**GIVEN MATERIAL**.
※ ※ ※

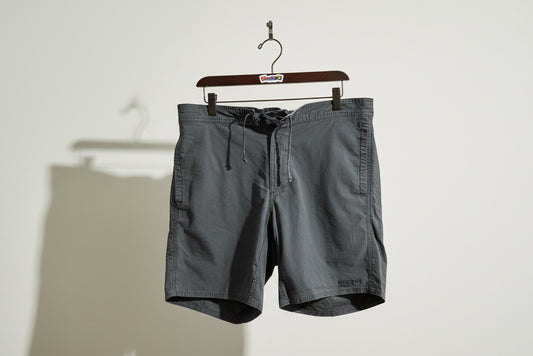 Patagonia Board Shorts Grey Men’s Size 35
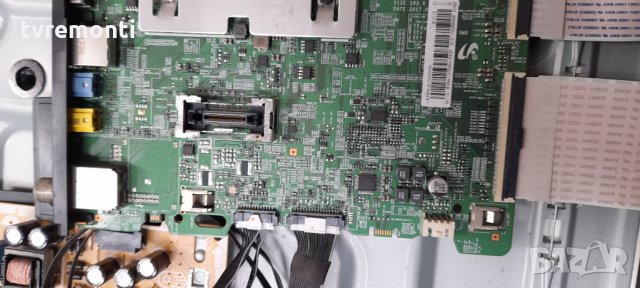 MAIN AV BN41-02568B BN94-12765W, снимка 3 - Части и Платки - 33936698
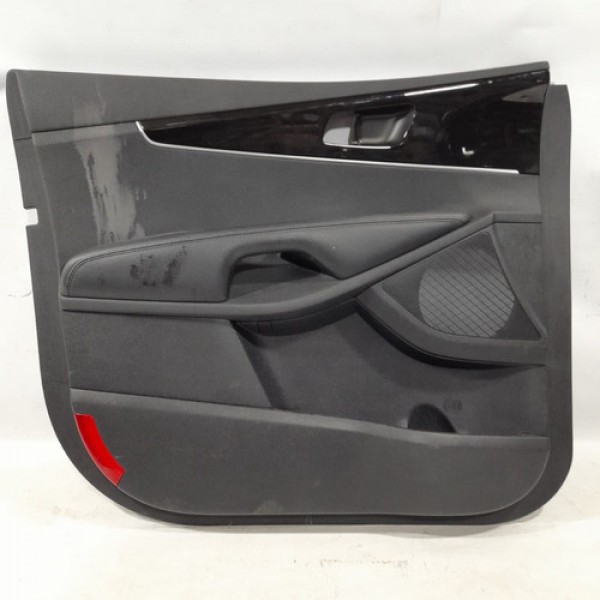 Forro Porta Dianteira Esquerda Kia Sorento 2016 2018  Bc574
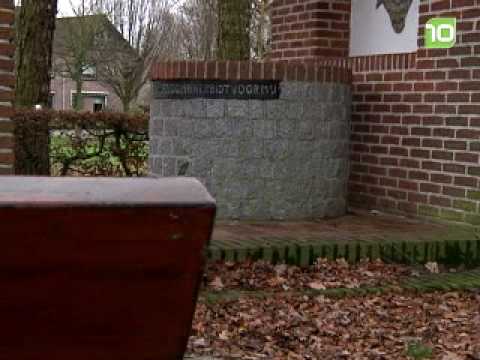 Quirinusbron Halsteren in ere hersteld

※ ※ ※

When you restate the listing above, give each line word for word but leave out every image.

 Patagonia Board Shorts Grey Men’s Size 35
 MAIN AV BN41-02568B BN94-12765W, снимка 3 - Части и Платки - 33936698
 Forro Porta Dianteira Esquerda Kia Sorento 2016 2018  Bc574
 Quirinusbron Halsteren in ere hersteld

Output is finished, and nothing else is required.